Work task => Keep images out and repeat all data exactly.

_____

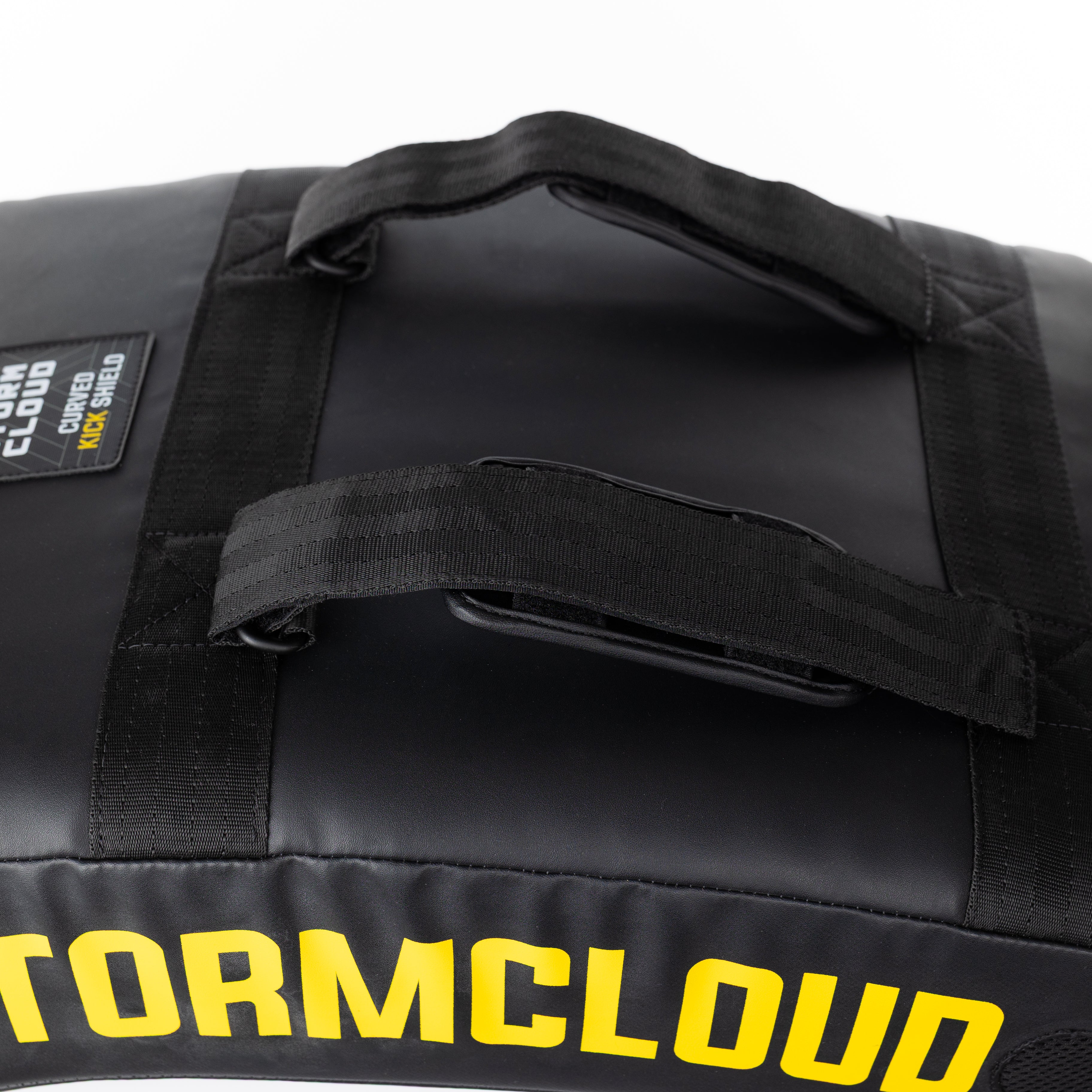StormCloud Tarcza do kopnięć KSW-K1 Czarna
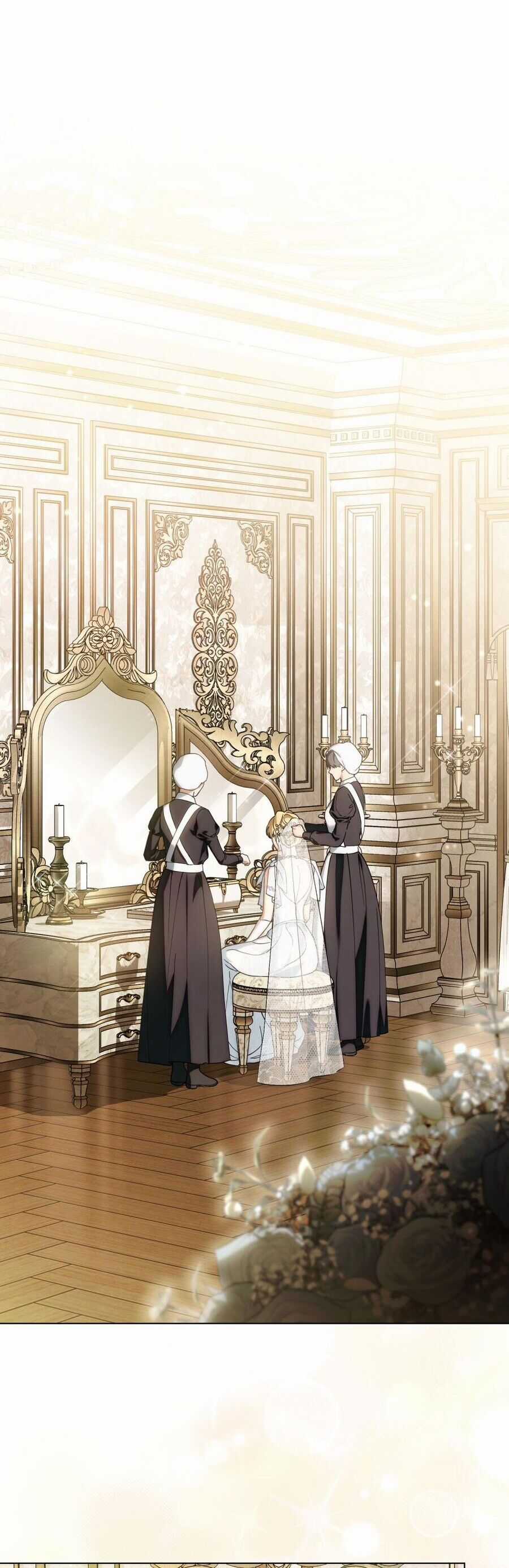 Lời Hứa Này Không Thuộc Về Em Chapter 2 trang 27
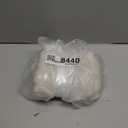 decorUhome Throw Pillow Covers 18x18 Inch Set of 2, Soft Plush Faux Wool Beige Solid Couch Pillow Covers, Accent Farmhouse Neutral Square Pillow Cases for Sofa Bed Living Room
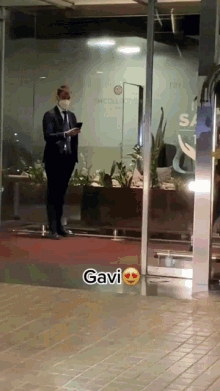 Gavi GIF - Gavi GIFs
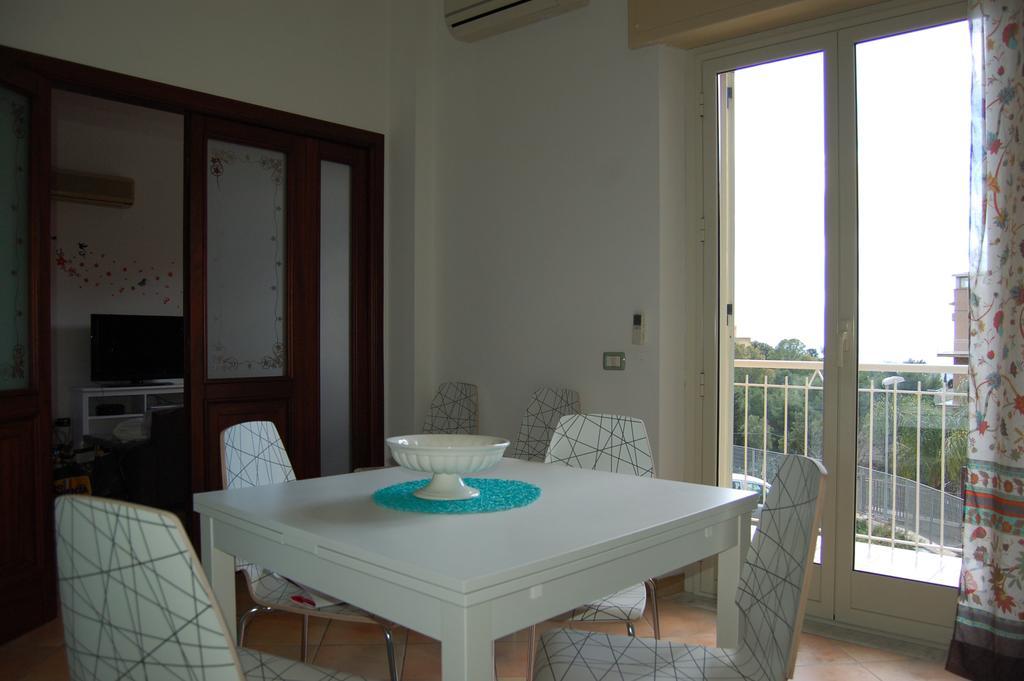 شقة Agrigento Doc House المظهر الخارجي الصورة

_____

Final answer =>
StormCloud Tarcza do kopnięć KSW-K1 Czarna
 Lời Hứa Này Không Thuộc Về Em Chapter 2 trang 27
 decorUhome Throw Pillow Covers 18x18 Inch Set of 2, Soft Plush Faux Wool Beige Solid Couch Pillow Covers, Accent Farmhouse Neutral Square Pillow Cases for Sofa Bed Living Room
 Gavi GIF - Gavi GIFs
 شقة Agrigento Doc House المظهر الخارجي الصورة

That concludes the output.